Mais 55 minutos de sono: o que rende uma única noite estendida antes de uma largada matinal

Em um ECR cruzado, os participantes dormiram 55 minutos a mais — e na manhã seguinte correram quase 10 metros a mais no teste de vaivém, com uma queda de velocidade duas vezes menor. Analisamos o que aqui está realmente comprovado e o que foi extrapolado.

AS
Anna Severova

Sobre a privação de sono no esporte já se escreveu bastante, e a conclusão é previsível: dormir pouco é ruim. Bem mais interessante é a pergunta inversa, que começaram a fazer há pouco tempo: e o que acontece se você dormir mais do que o habitual? Não recuperar o sono depois de uma noite em claro, mas acrescentar sono acima da sua norma. Um estudo recente dá uma resposta surpreendentemente concreta — e especialmente curiosa para quem larga de manhã.

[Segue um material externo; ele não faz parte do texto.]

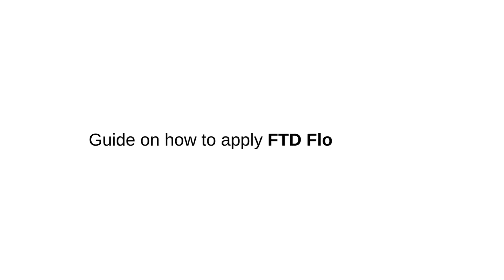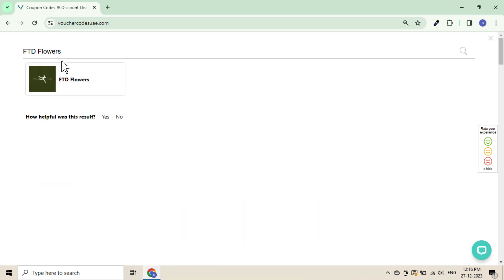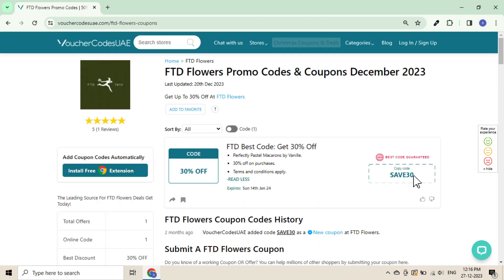This is a guide on how to apply an FTD Flowers code. Go to Voucher Codes UAE and search for FTD Flowers on the search bar. Browse through verified and tested codes, then click the code to copy it.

Como o experimento foi montado

O desenho é caprichado: estudo cruzado com ordem das condições contrabalançada, ou seja, cada participante passou tanto pelo controle quanto pelo experimento, e a ordem foi equilibrada para que aprendizado e fadiga não enviesassem o resultado.

Participaram 24 estudantes fisicamente ativos (17 homens, 7 mulheres, idade 22,7 ± 1,6 anos). Todos com cronotipo neutro e boa qualidade de sono pela escala PSQI. Os testes foram feitos três vezes: às 20:00, depois às 8:00 da manhã seguinte e às 16:00.

O ponto-chave é quanto sono realmente se conseguiu acrescentar. O tempo na cama foi aumentado em cerca de 50 minutos (de 514 para 564 minutos), e o sono efetivo cresceu de 476,5 ± 64,2 para 531,3 ± 56,8 minutos — ou seja, cerca de 55 minutos (p < 0,001, d = 0,91). É um detalhe importante: o tempo extra na cama se converteu quase integralmente em sono.

O que mudou

As mudanças mais marcantes ocorreram no teste da manhã, às 8:00.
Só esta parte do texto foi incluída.